Heimerl, Joseph (Los Alamos National Laboratory) | Ma, Zhiwei (Los Alamos National Laboratory) | Chen, Bailian (Los Alamos National Laboratory) | Mehana, Mohamed (Los Alamos National Laboratory) | Van Wijk, Jolante (Los Alamos National Laboratory)
Abstract Addressing the existential threat posed by climate change requires the widespread adoption of carbon dioxide (CO2) emission-limiting and atmospheric reduction methods. Point source capture of CO2 at power generation and manufacturing facilities, as well as direct air capture from the atmosphere, can reduce atmospheric CO2. After capture, CO2 will need to be stored long-term. One option is the implementation of geologic sequestration (GS) of CO2. Within the United States, oversight authority of CO2 sequestration wells is conducted by the Environmental Protection Agency (EPA), which designates GS wells as "Class VI wells". So far, only a few Class VI wells have been made operational, with a few dozen more in the permitting process. This volume will not be sufficient to meet the need for full-scale CO2 sequestration, and additional wells will need to be delivered in an economic and timely fashion to allow for large-scale CO2 sequestration.

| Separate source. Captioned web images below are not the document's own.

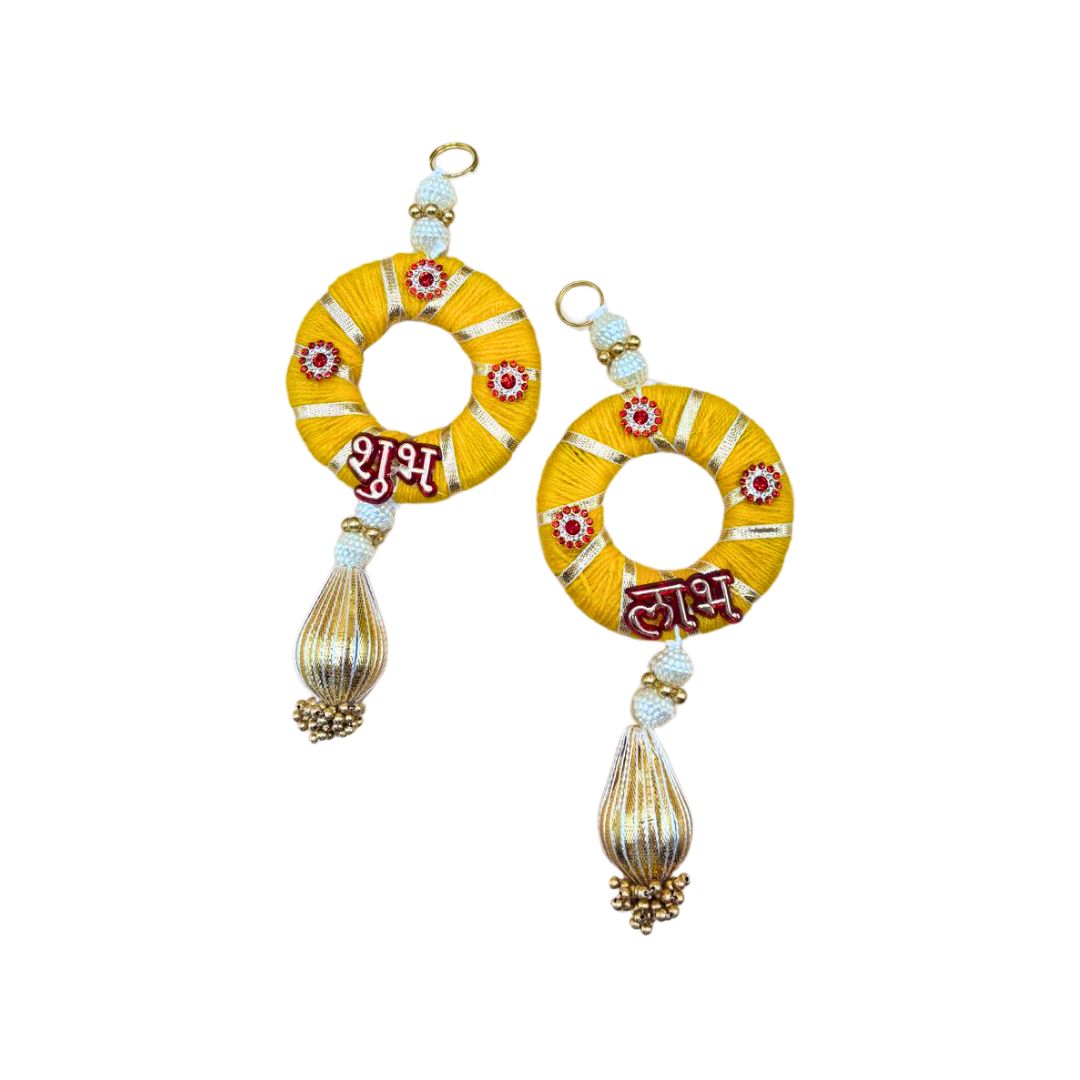 Side Hanging Set Of 2 - Shubh Labh Yellow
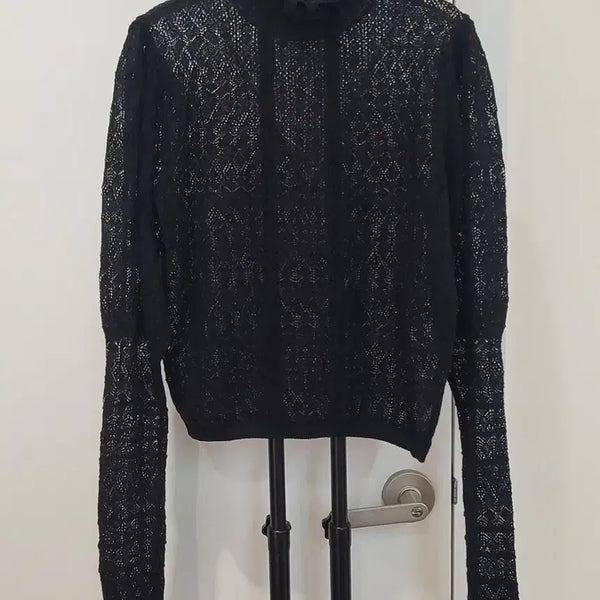 [BUNJANG] ZARA Black Sheer Ruffle Neck Lace Knit Top Size M / 자라ZARA 블랙 시스루 러플넥 레이스 니트 M사이즈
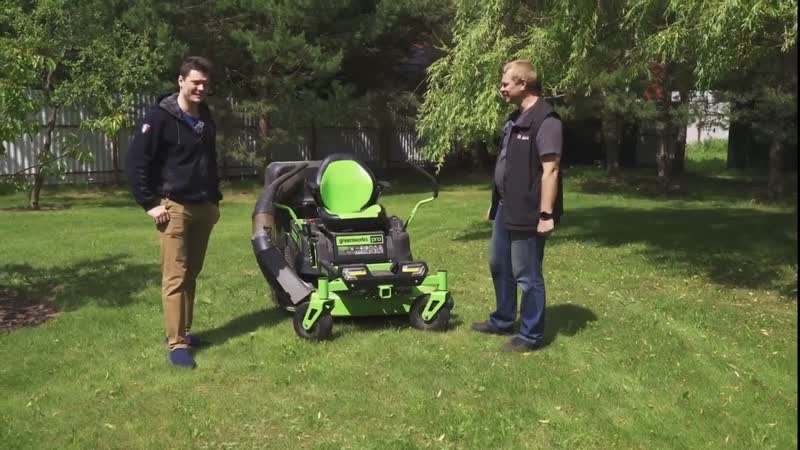 Тест аккумуляторного райдера Greenworks Zero Turn CRZ 428 журналистами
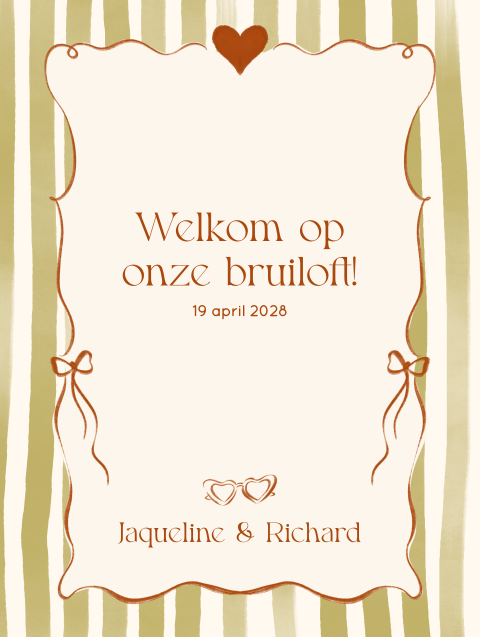 Welkomstbord gestreept groen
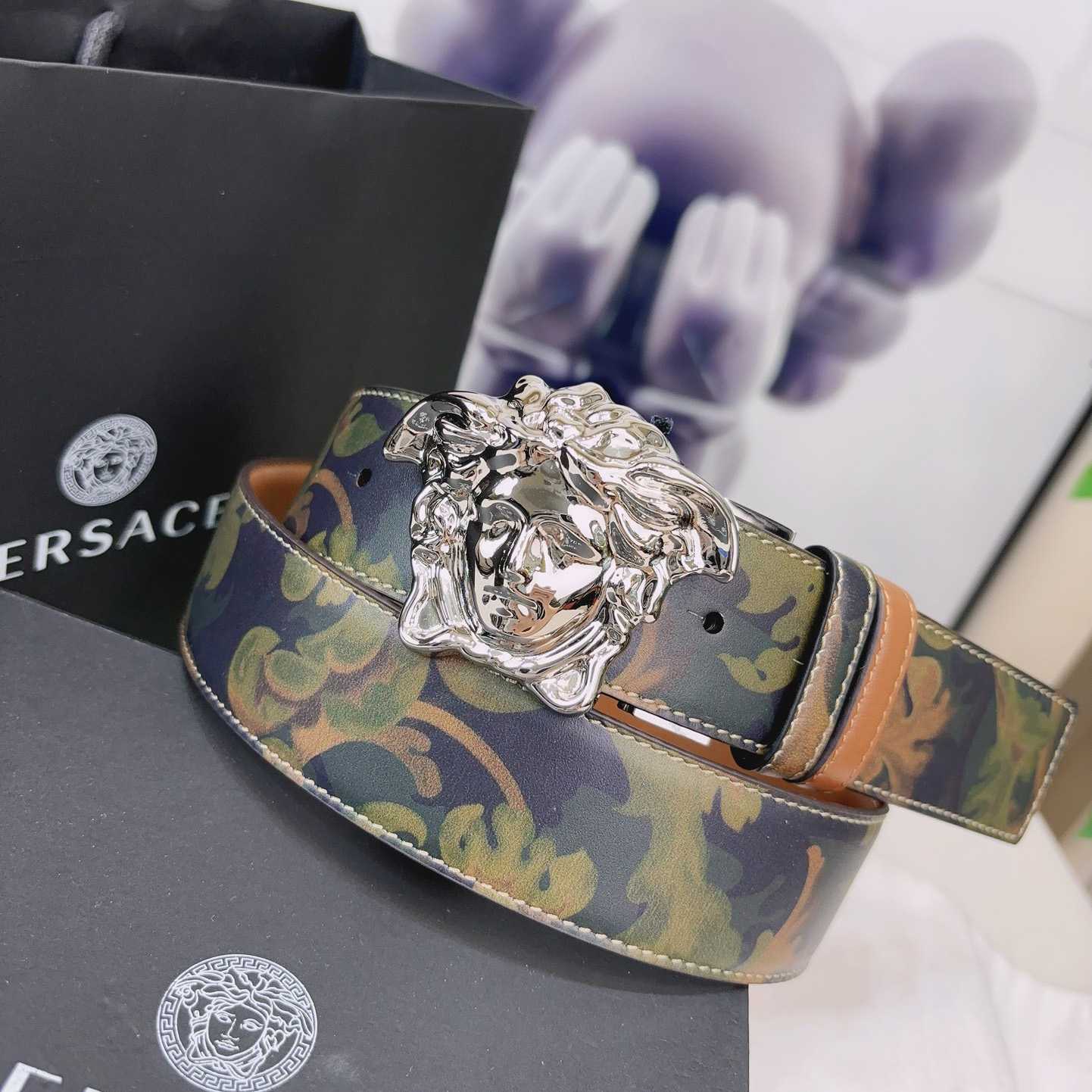 Versace La Medusa Logo-buckle Barocco-print Belt   40mm - 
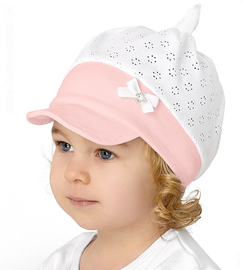 Czapka z daszkiem dla dziewczynki, ażurek, biały + róż pudrowy, Biawa, 42-46 cm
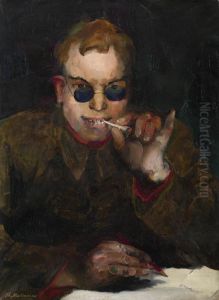 Portrait Of A Young Man In Blue Spectacles Portrait Of A Young Man In Blue Spectacles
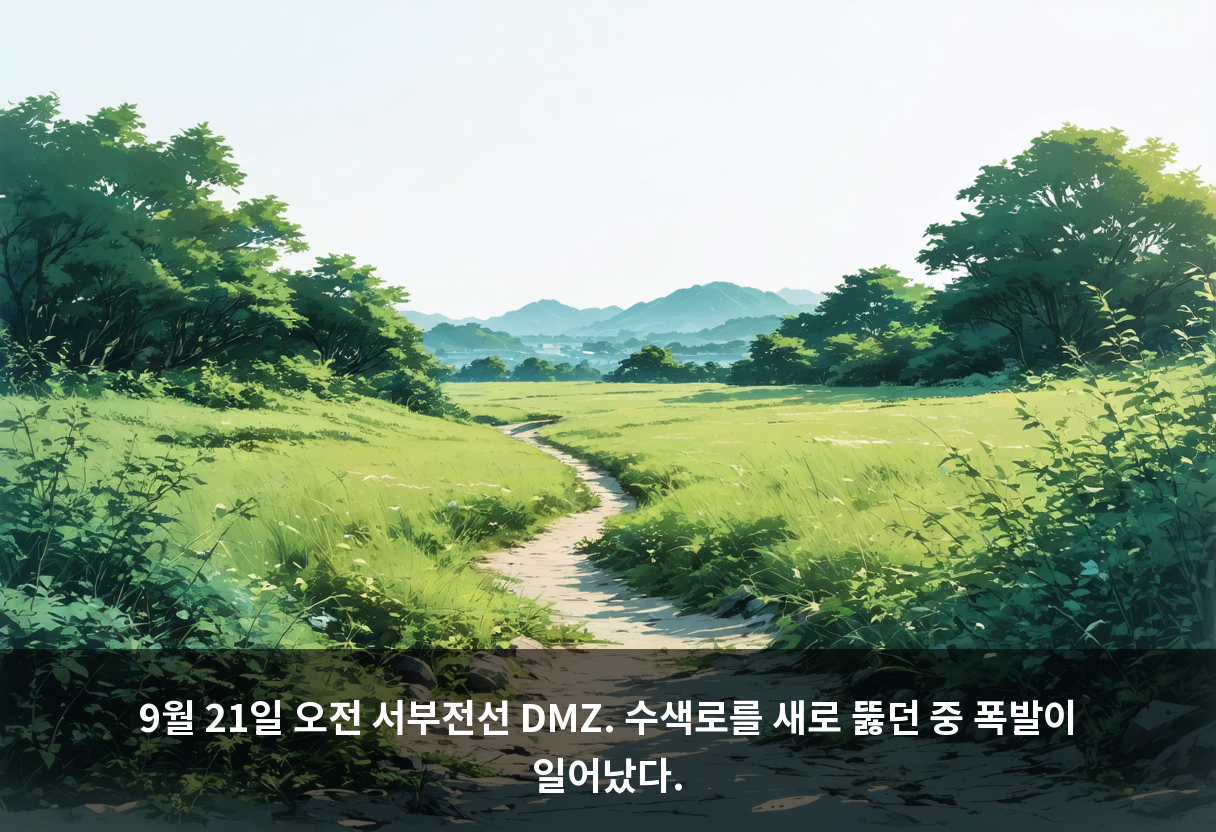 9월 21일 오전 서부전선 DMZ. 수색로를 새로 뚫던 중 폭발이 일어났다.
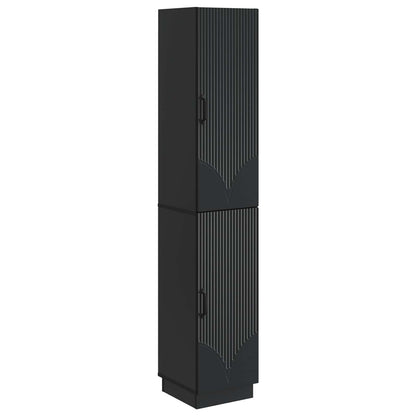 Cabinet Set 2 pcs Black Engineered Wood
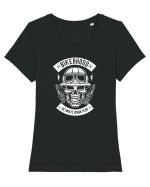 Biker Hood Skull White Tricou mânecă scurtă guler larg fitted Damă Expresser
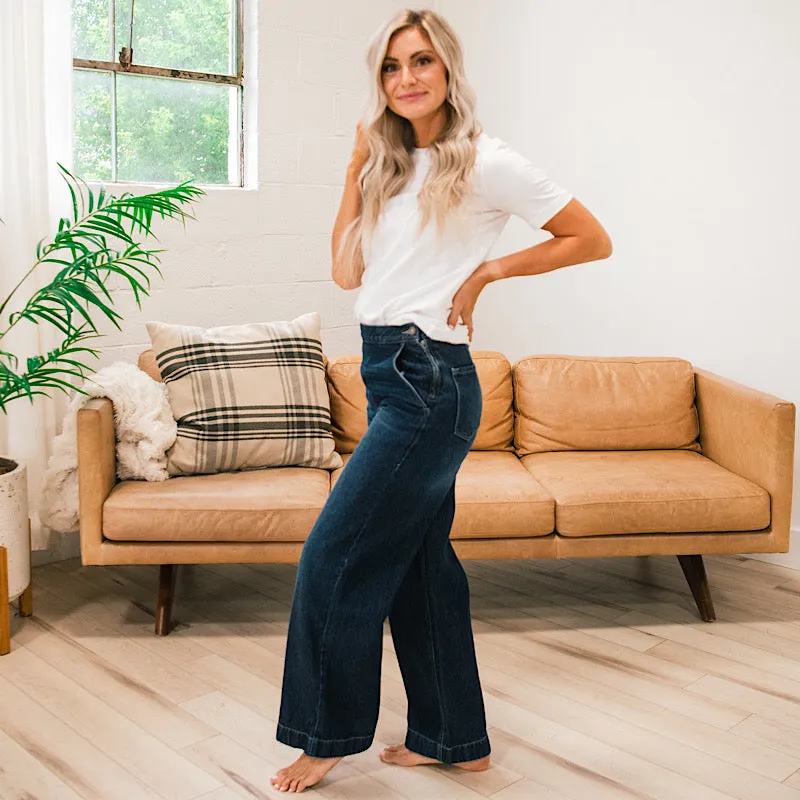 KanCan Gabby Flat Front Wide Leg Trouser Jeans - Dark Wash FINAL SALE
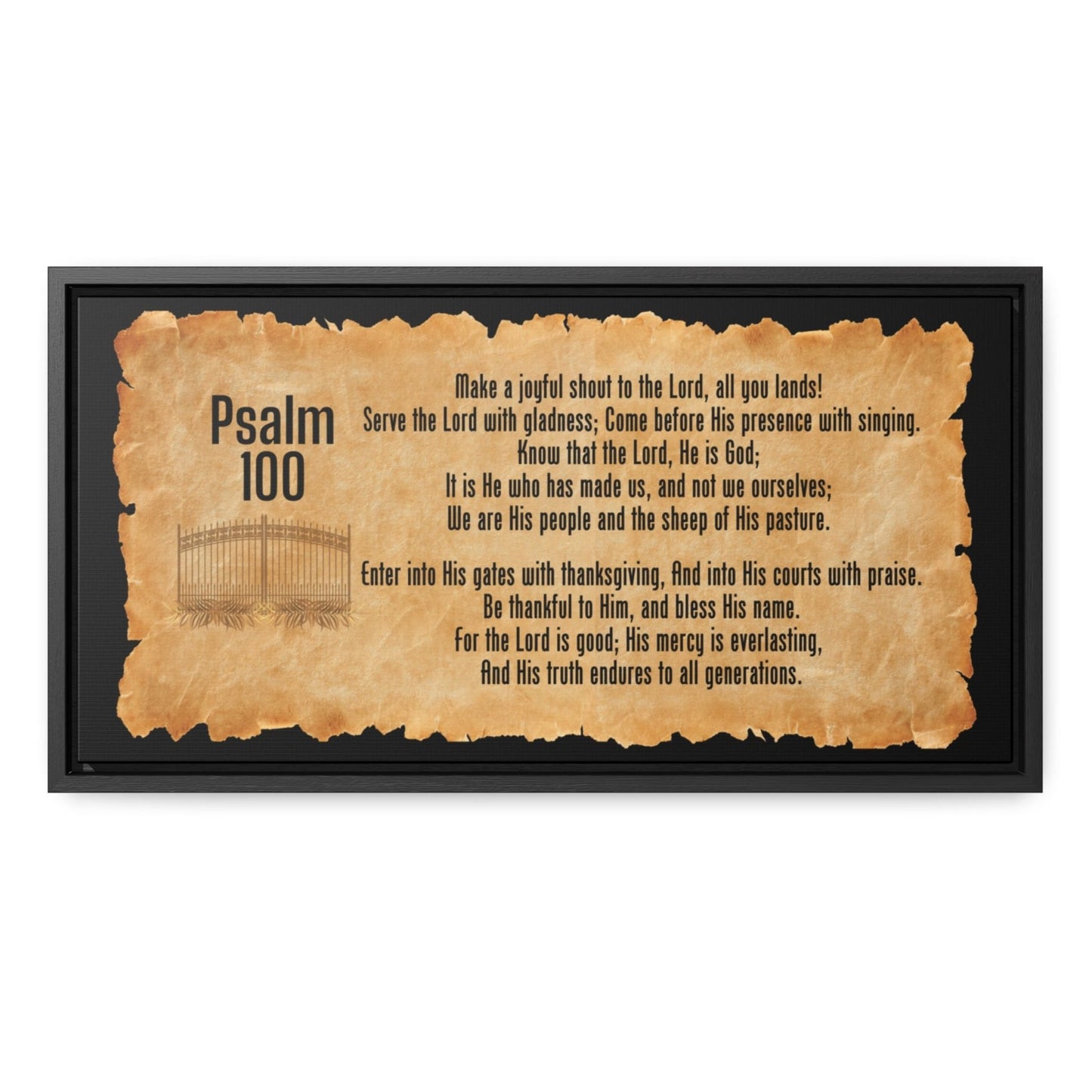 Psalm 100 Bible Verse Canvas Wrap Wall Art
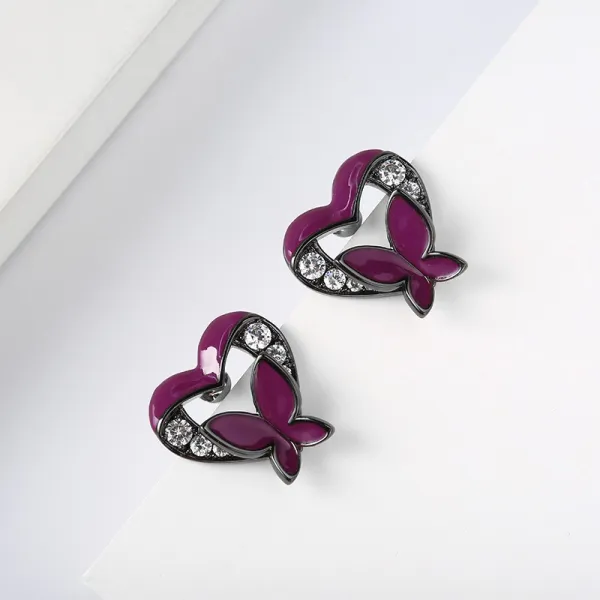 Nature Butterfly Plating Lacquer Stud Earrings For Women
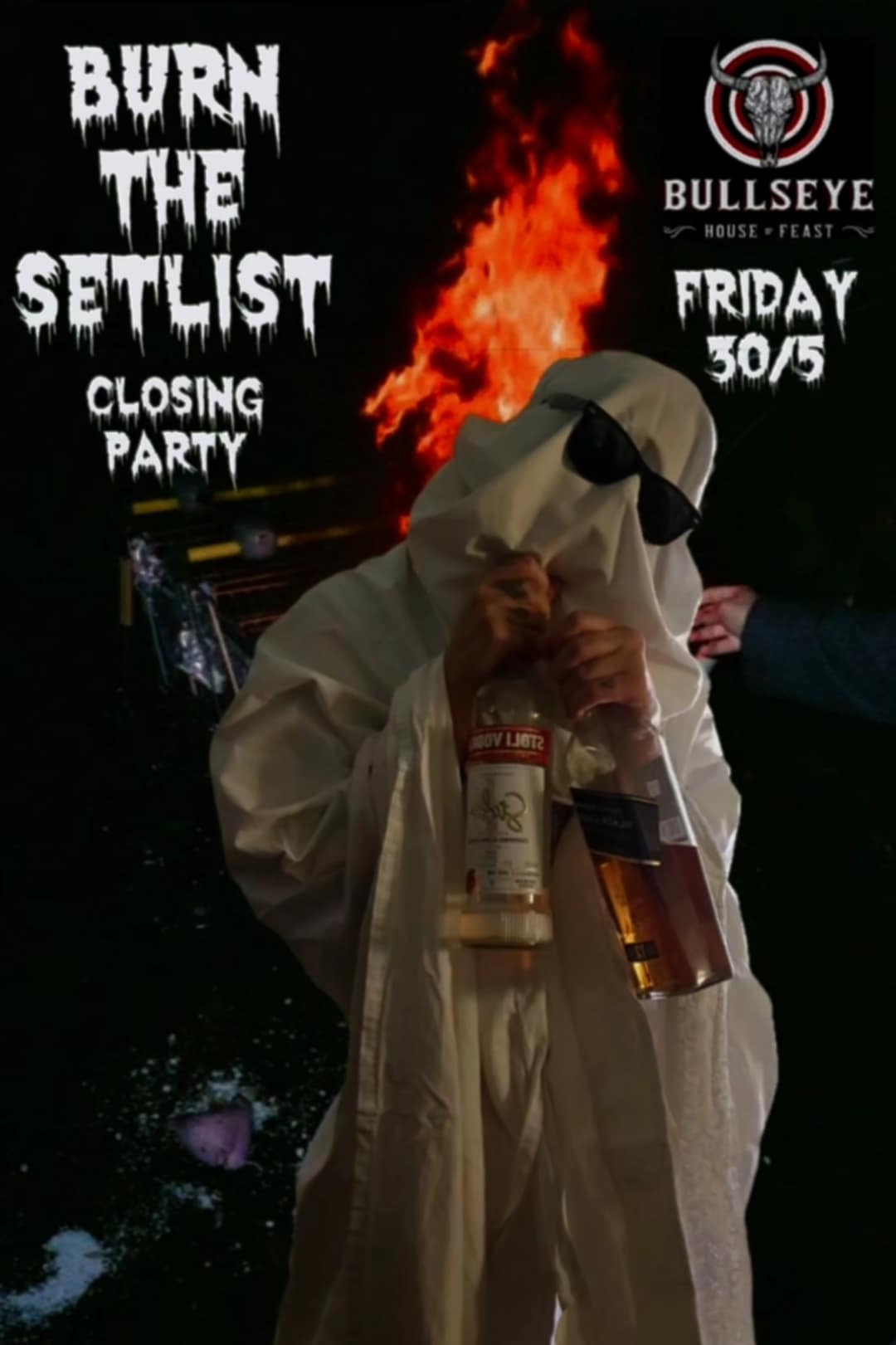 Αφίσα εκδήλωσης για closing party από το Bullseye την Παρασκευή 30/5.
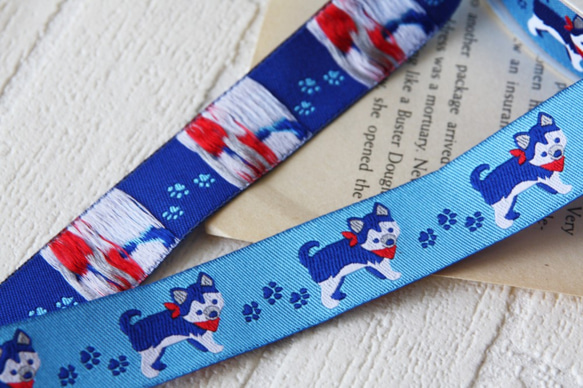 ★50ｃｍ単位「ハスキー犬柄」刺繍リボン　usa-k56　幅22ｍｍ 4枚目の画像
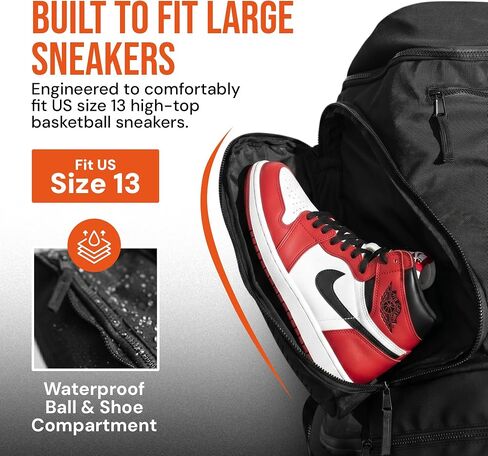 Basketball Backpack with Shoe Compartment | Large Sports Bag with Expandable Sneaker Pockets for Up To Size 13 | Carry Your Ball, Shoes, & Kit Easily. in Kuwait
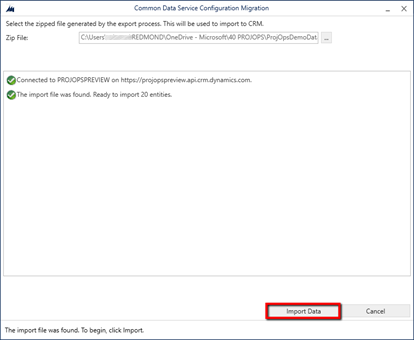 Screenshot of the Import data option.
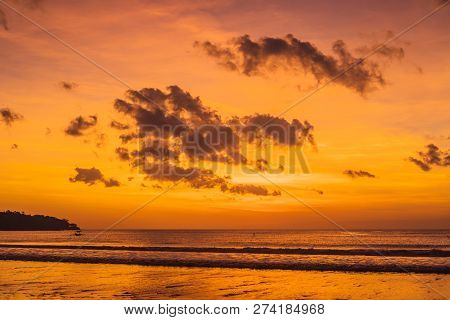 Jimbaran Beach Bali Sun Set Near International Ngurah Rai Airport, Located At Pantai Kedonganan Jimb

A promising option to boost storage capacity would be to retrofit some of the nation's millions of legacy oil and gas wells for use as sequestration wells. We present an analysis of wellbore retrofit, the process of augmenting an old well to meet Class VI requirements, conducted by looking at the EPA regulations, carbon dioxide compatible well design, and a pilot review of some United States wells. This study does not include a review of the geological considerations associated with sequestration but focuses on what will be necessary on a well-by-well basis for successful retrofit. The findings of this analysis illustrate that wellbore retrofits for long-term carbon dioxide sequestration is only suitable for wells that possess the correct combination of well factors and will inject a clean CO2 stream. For ideal candidates, a retrofit would allow for significant time and cost savings compared to a newly- drilled wellbore. The document concludes with considerations for publicly available wellbore data that could facilitate a more robust search for future wellbore retrofits through state databases with the collaboration of operators.